(Dataset content Opens)

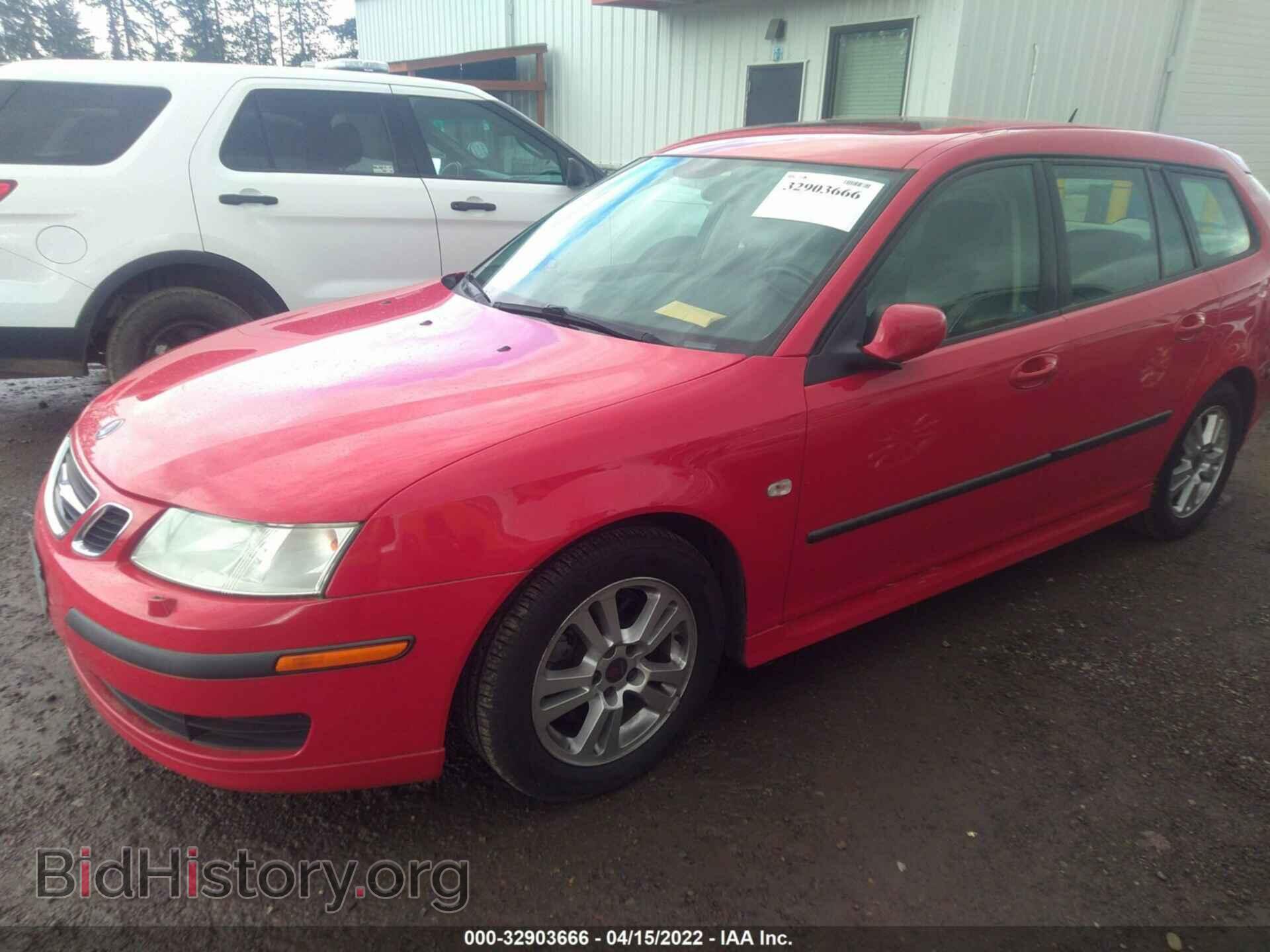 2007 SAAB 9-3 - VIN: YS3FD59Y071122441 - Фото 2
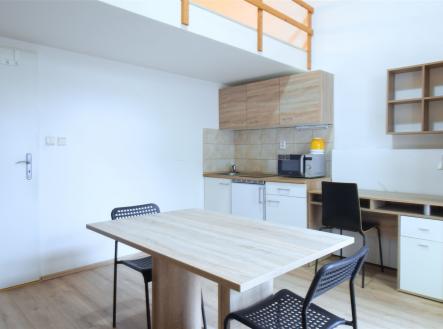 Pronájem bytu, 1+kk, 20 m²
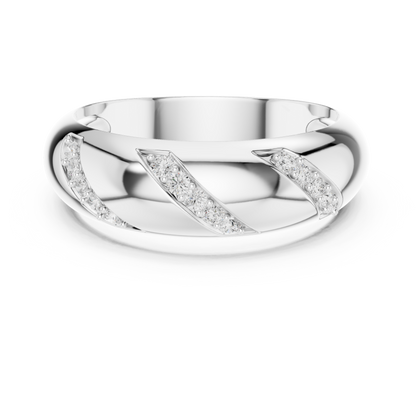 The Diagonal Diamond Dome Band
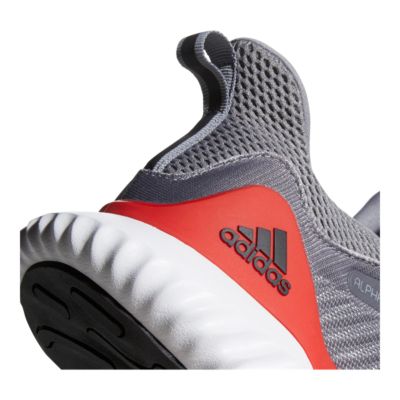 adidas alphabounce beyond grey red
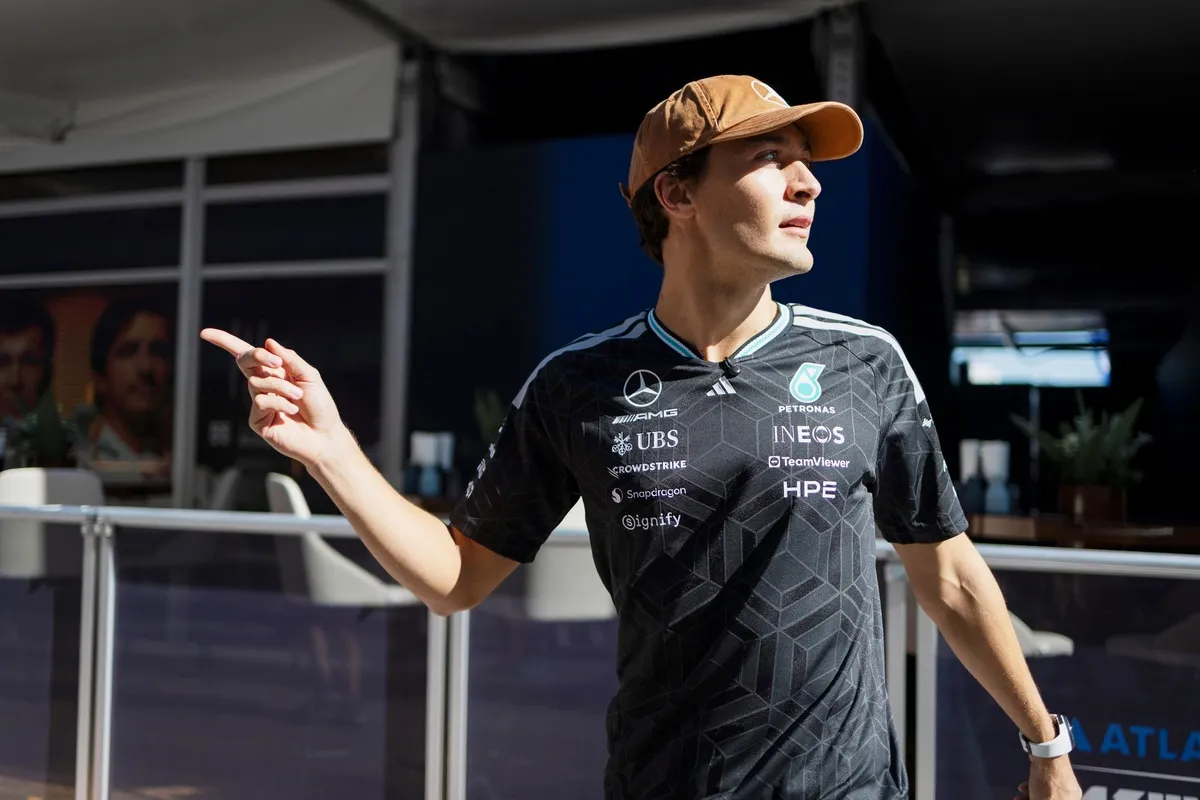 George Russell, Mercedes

(Dataset content Closes)

§ What is needed
Because only the text is wanted, repeat all the entries exactly and leave out the pictures.

§ Result
 2007 SAAB 9-3 - VIN: YS3FD59Y071122441 - Фото 2
 Pronájem bytu, 1+kk, 20 m²
 The Diagonal Diamond Dome Band
 adidas alphabounce beyond grey red
 George Russell, Mercedes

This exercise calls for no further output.